─── Data provided ───
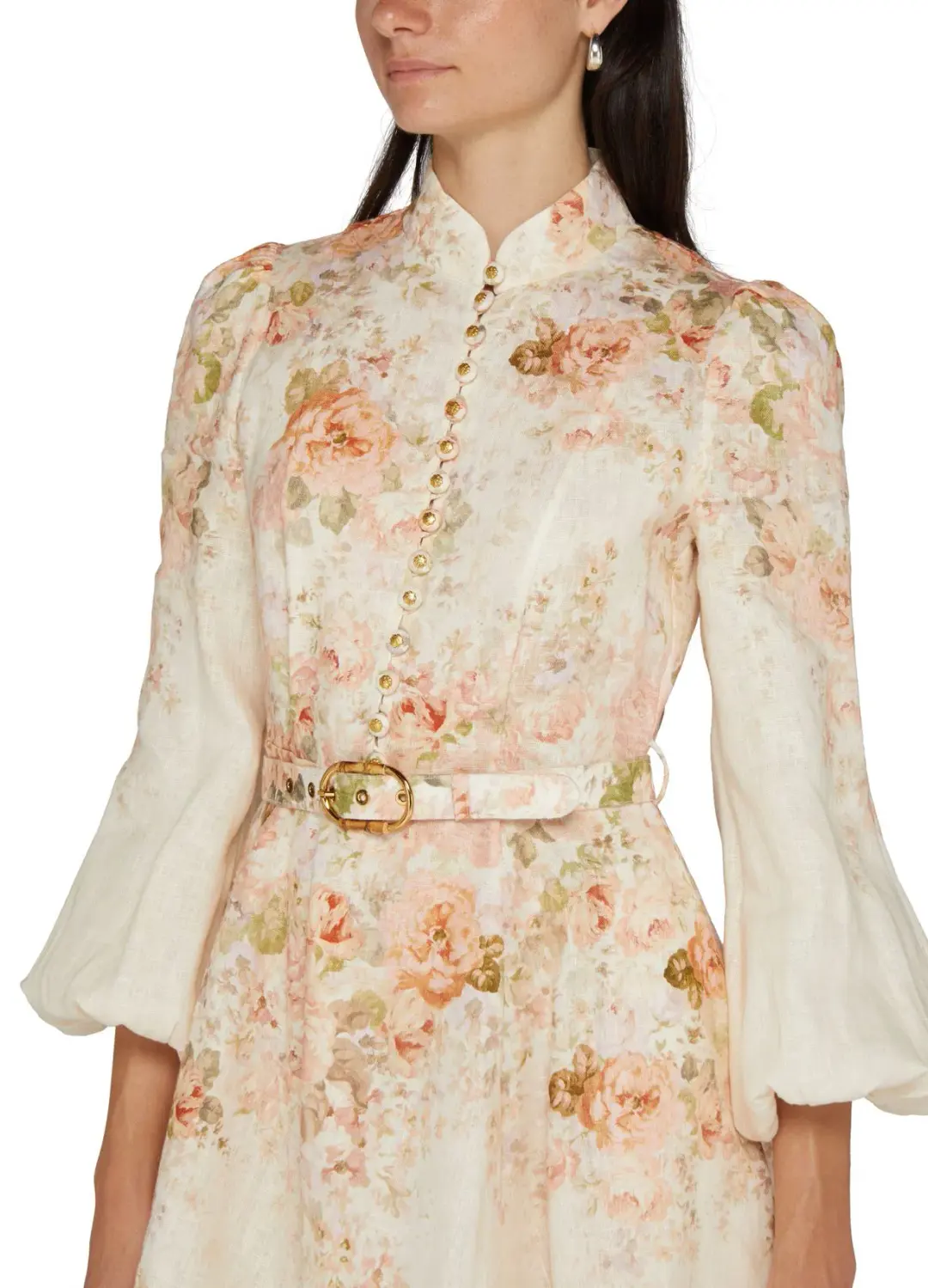 Zimmermann Illustration Buttoned Mini Dress Cream Rococo Floral Size 2 (AU12) for rent on The Volte - main image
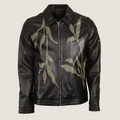 Embroided Bomber Leather Jacket | Men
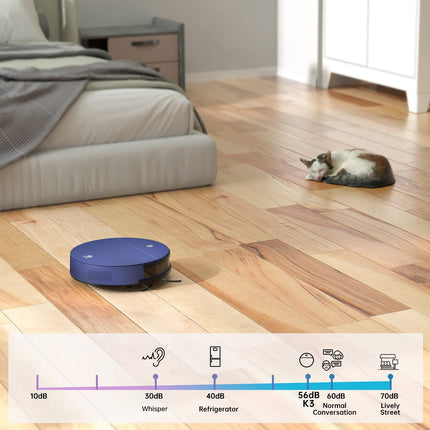 Okp K3 Robot Vacuum Cleaner Selfcharging Robotic Vacuum Cleaner With 2000Pa Strong Suction Voice Control For Hardfloor And Carpet,Blue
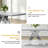 Marble Rectangle Dining Set of 7, Faux Marble Top and X-Shaped Stainless Steel Base with 6 Luxury Petal-Back Leather Chairs-1406971280-1406971292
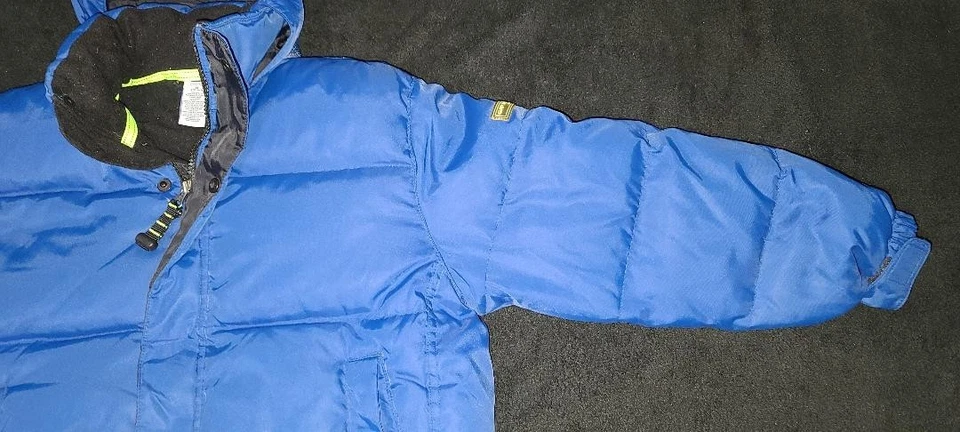 GAP Puffer Jacket Coat Youth Size 7-8 7 8 Hooded Fleece Interior Blue Black - Image 4 of 4
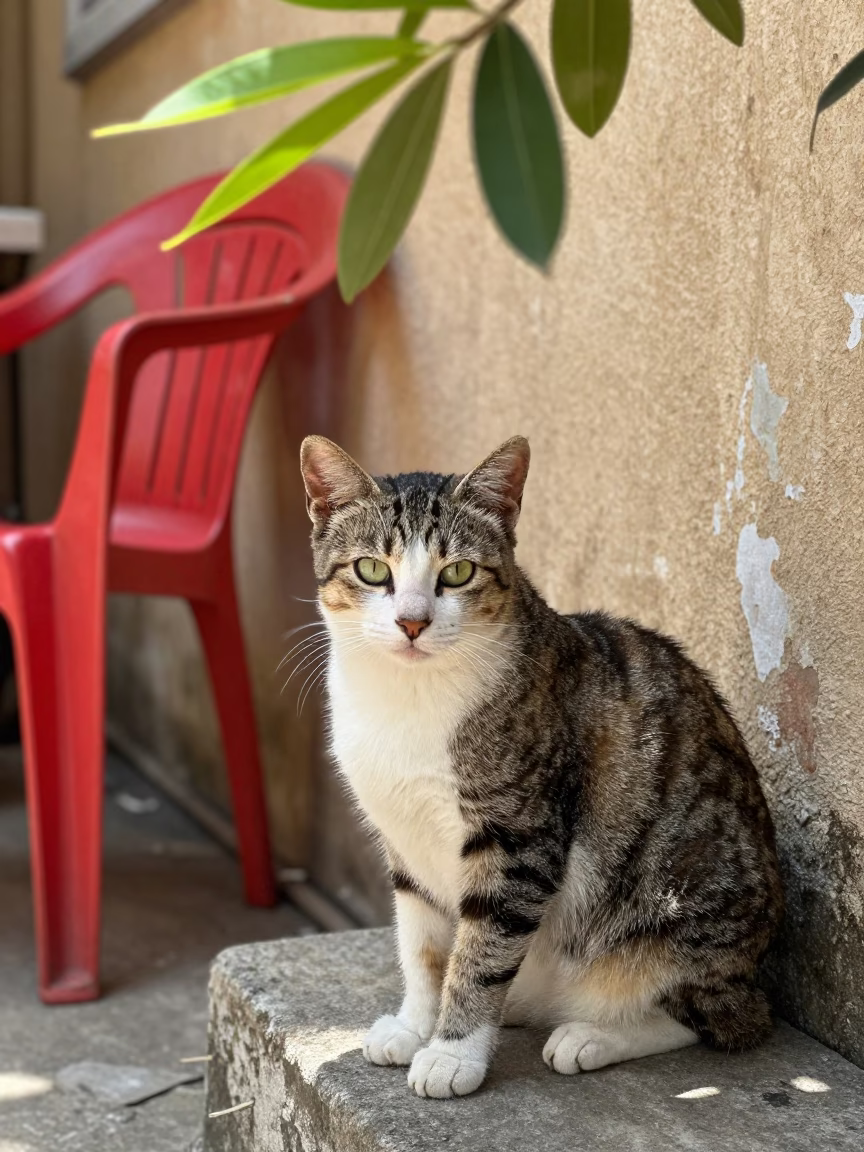 American Shorthair Cat Portrait Senopati Jakarta Courtyard in beside a plain courtyard wall in clear daylight with the animal at eye level near Senopati, Jakarta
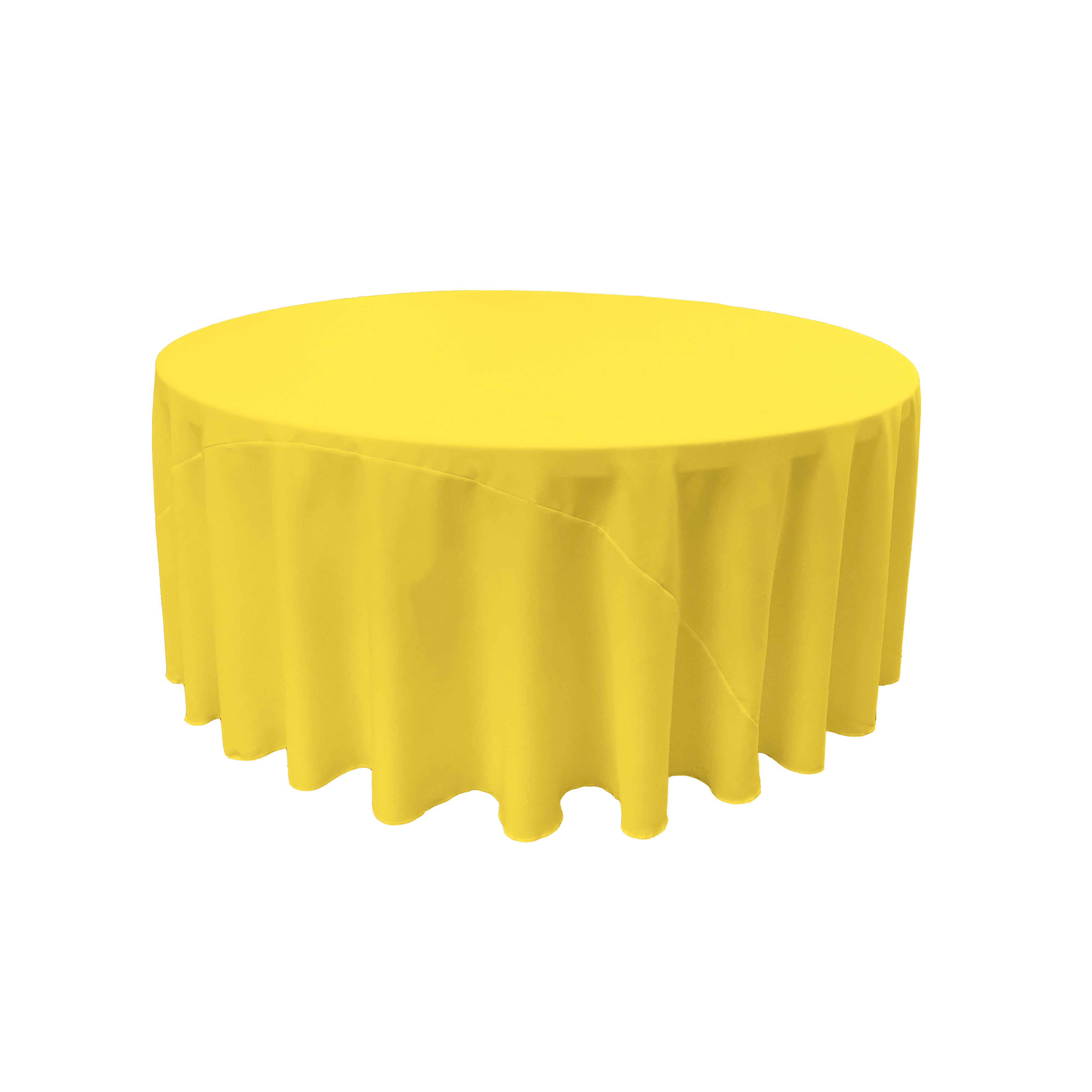 La Linen Polyester Poplin Tablecloth 108-Inches Round, Light Yellow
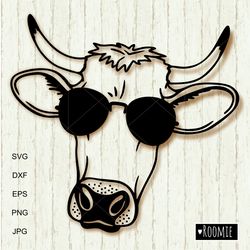 Cow With Sunglasses Svg, Bull SVG, Farm Animals, Cricut Heifer Face, Farmhouse Shirt Design Laser Cut File Vinyl Decal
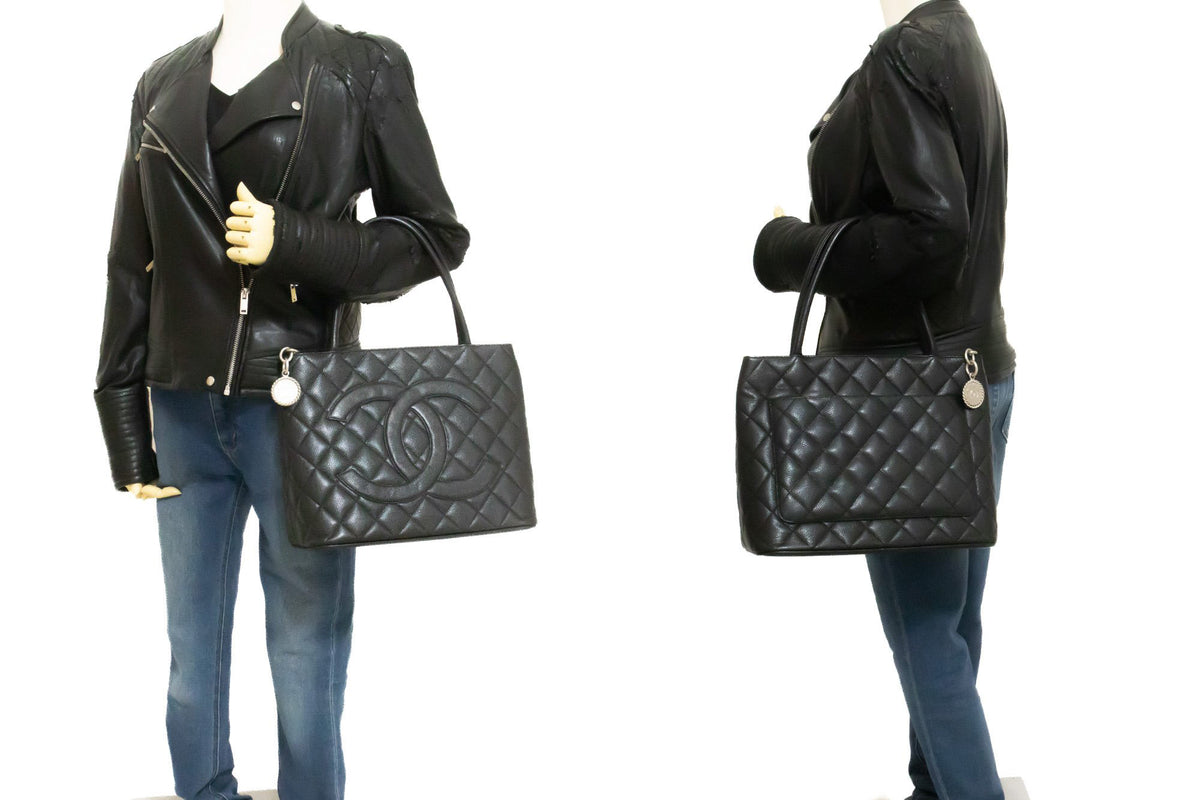 CHANEL Silver Medallion Grained Calfskin Leather Shoulder Bag ap3 — on mannequin hannari-shop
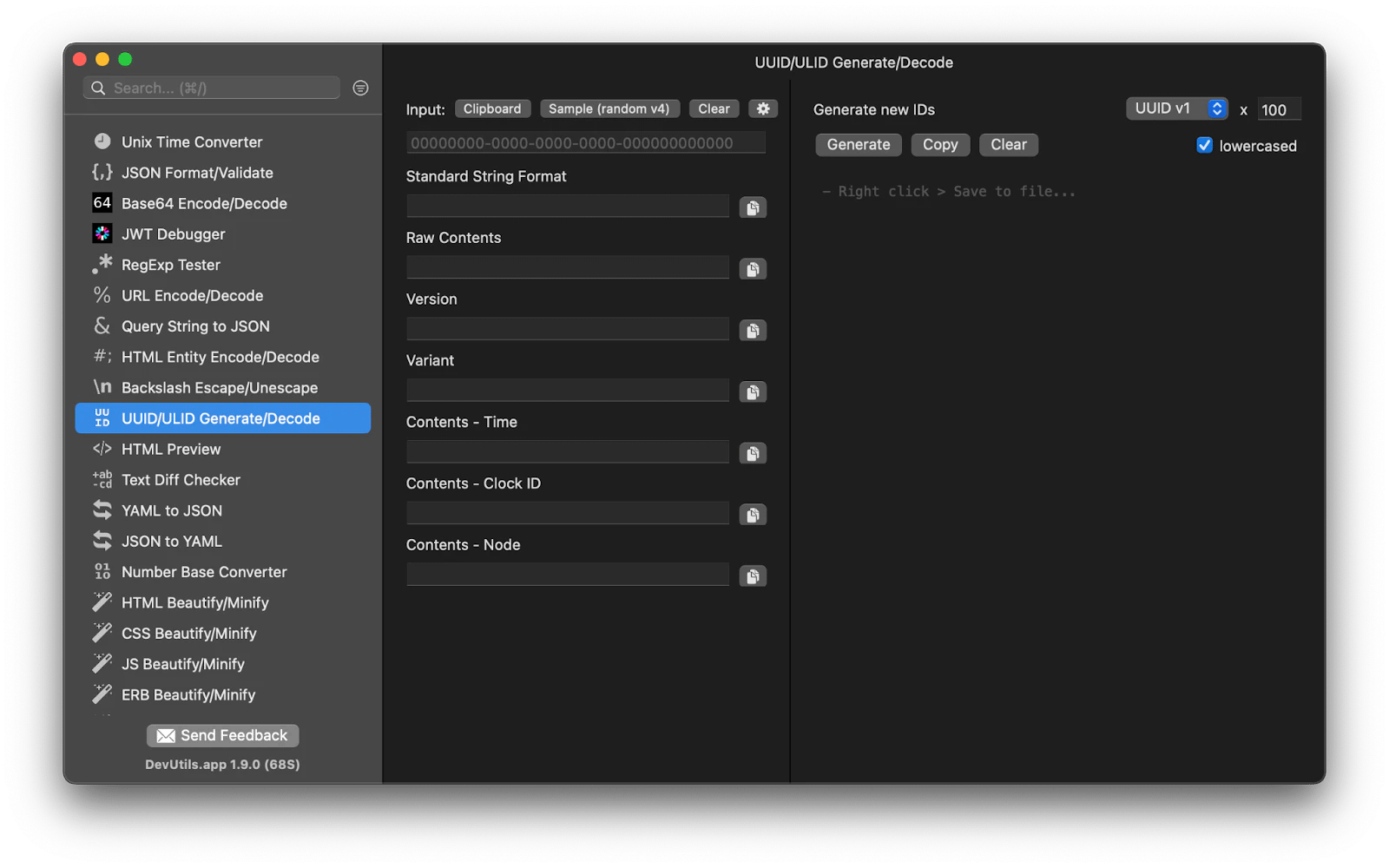 Generate UUID with DevUtils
───
#### [Activity]
Transcribe the data word for word, with no images.

#### [Problem solution]
 Zimmermann Illustration Buttoned Mini Dress Cream Rococo Floral Size 2 (AU12) for rent on The Volte - main image
 Embroided Bomber Leather Jacket | Men
 Okp K3 Robot Vacuum Cleaner Selfcharging Robotic Vacuum Cleaner With 2000Pa Strong Suction Voice Control For Hardfloor And Carpet,Blue
 Marble Rectangle Dining Set of 7, Faux Marble Top and X-Shaped Stainless Steel Base with 6 Luxury Petal-Back Leather Chairs-1406971280-1406971292
 GAP Puffer Jacket Coat Youth Size 7-8 7 8 Hooded Fleece Interior Blue Black - Image 4 of 4
 American Shorthair Cat Portrait Senopati Jakarta Courtyard in beside a plain courtyard wall in clear daylight with the animal at eye level near Senopati, Jakarta
 La Linen Polyester Poplin Tablecloth 108-Inches Round, Light Yellow
 Cow With Sunglasses Svg, Bull SVG, Farm Animals, Cricut Heifer Face, Farmhouse Shirt Design Laser Cut File Vinyl Decal
 CHANEL Silver Medallion Grained Calfskin Leather Shoulder Bag ap3 — on mannequin hannari-shop
 Generate UUID with DevUtils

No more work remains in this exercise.